The extraordinary events of the last few weeks have shown the enduring appeal of the simple idea of equality before the law in the popular imagination. When the public in the UK reacted with fury to the suggestion that the Prime Minister's adviser had disregarded lockdown rules that applied to everyone, it was because of an intuitive sense that the burdens laws impose should apply equally to everyone, regardless of their status.

The worldwide fury unleashed by the sickening killing of George Floyd under the knee of a policeman in Minnesota shows the power of the idea that everyone is entitled to the equal protection of the law. Equality before the law requires that the protections the law provides, against killing, brutality, deprivation of liberty, stop and search, must be guaranteed to all, regardless of race, class or creed.
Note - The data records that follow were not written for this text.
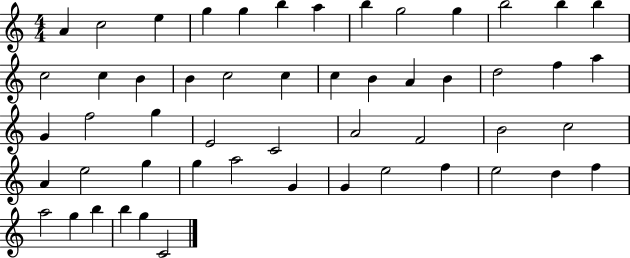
X:1
T:Untitled
M:4/4
L:1/4
K:C
A c2 e g g b a b g2 g b2 b b c2 c B B c2 c c B A B d2 f a G f2 g E2 C2 A2 F2 B2 c2 A e2 g g a2 G G e2 f e2 d f a2 g b b g C2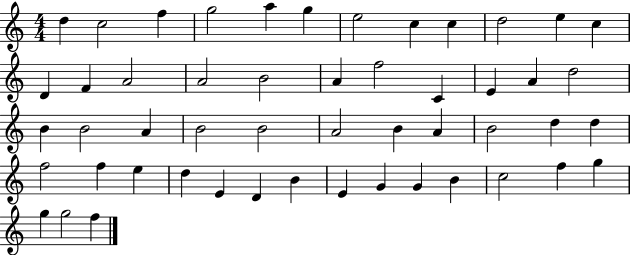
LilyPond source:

{
  \clef treble
  \numericTimeSignature
  \time 4/4
  \key c \major
  d''4 c''2 f''4 | g''2 a''4 g''4 | e''2 c''4 c''4 | d''2 e''4 c''4 | \break d'4 f'4 a'2 | a'2 b'2 | a'4 f''2 c'4 | e'4 a'4 d''2 | \break b'4 b'2 a'4 | b'2 b'2 | a'2 b'4 a'4 | b'2 d''4 d''4 | \break f''2 f''4 e''4 | d''4 e'4 d'4 b'4 | e'4 g'4 g'4 b'4 | c''2 f''4 g''4 | \break g''4 g''2 f''4 | \bar "|."
}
Our legal systems profess this, but the reality is different. The televised execution of George Floyd by a State official shocked the world into understanding what the data and the experiences of minorities have been telling us for years: that even in democracies that pride themselves on their civility and maturity, black lives matter less. That is the effect of being denied the equal protection of the law. Systemic racism turns "equality before the law" into empty rhetoric.

The challenge for us all is what to do to change this in a way that goes beyond tokenistic statements of solidarity and addresses the long term, structural causes of systemic racism. As the statues literally start to topple around us, this overdue public reckoning with the UK's colonial past presents a rare moment of opportunity to understand those causes and to take practical action to address them.